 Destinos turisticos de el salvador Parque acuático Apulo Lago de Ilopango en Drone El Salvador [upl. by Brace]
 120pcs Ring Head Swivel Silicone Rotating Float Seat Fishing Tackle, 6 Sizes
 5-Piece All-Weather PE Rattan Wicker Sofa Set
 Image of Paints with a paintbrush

******

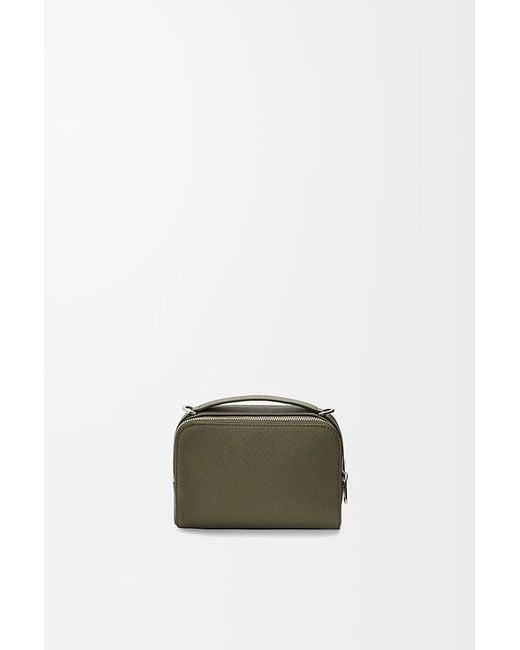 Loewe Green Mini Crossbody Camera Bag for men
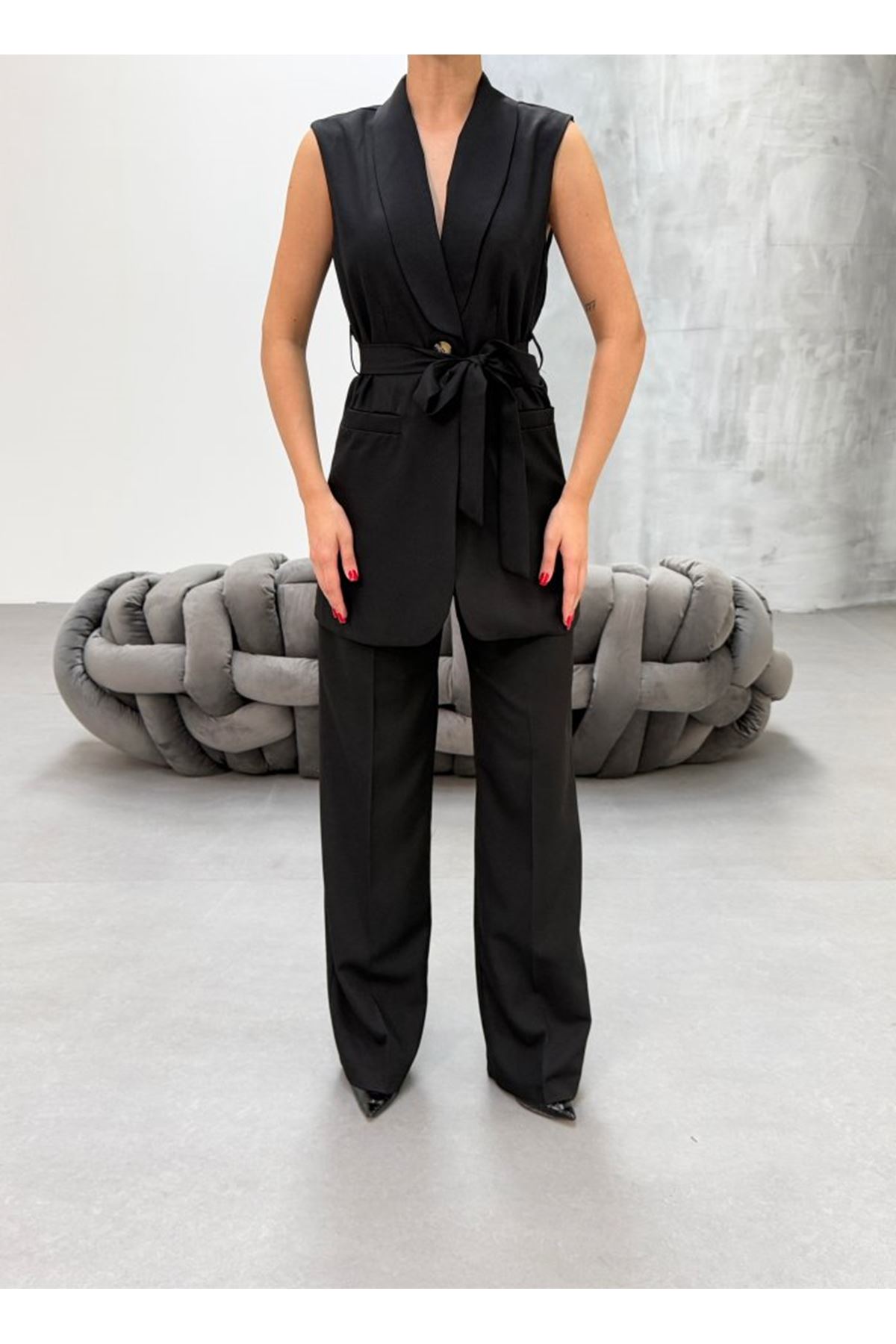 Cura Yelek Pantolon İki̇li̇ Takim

******

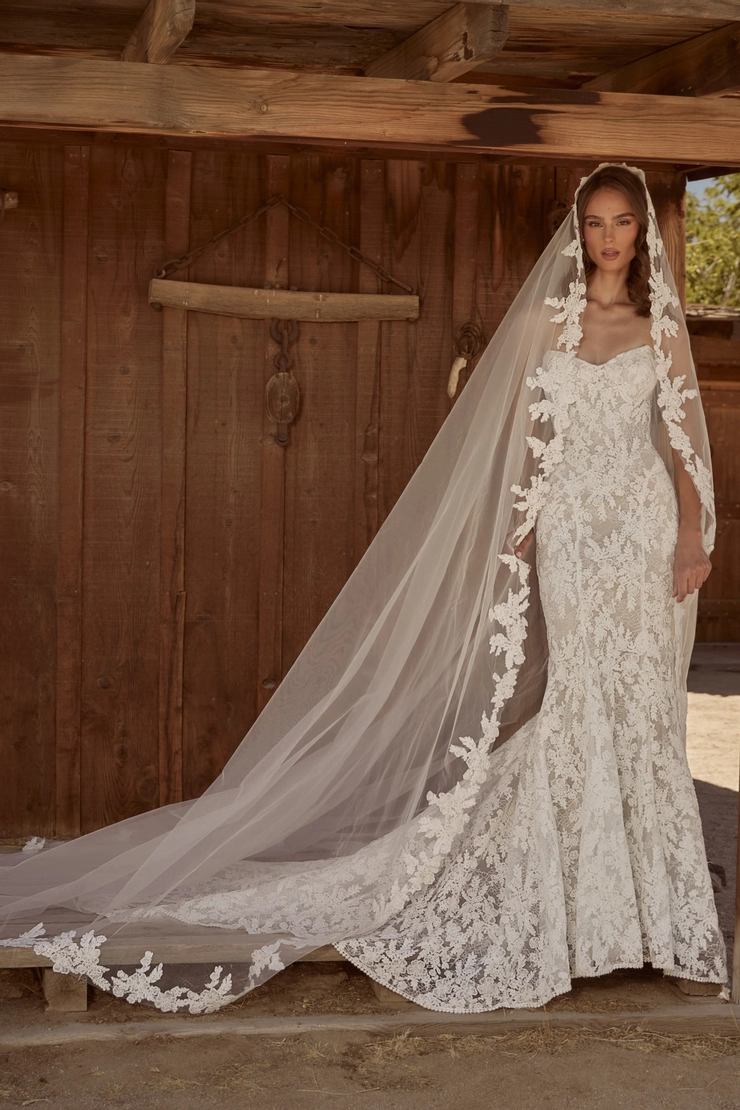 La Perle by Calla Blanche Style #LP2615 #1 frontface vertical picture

******

▶ **What you are asked to do**: Would you print exactly, and only, the lines of the data above from the line with "5-Piece All-Weather PE" through the line with "Image of Paints with a paintbrush", inclusive?

▶ **Expected answer**:
 5-Piece All-Weather PE Rattan Wicker Sofa Set
 Image of Paints with a paintbrush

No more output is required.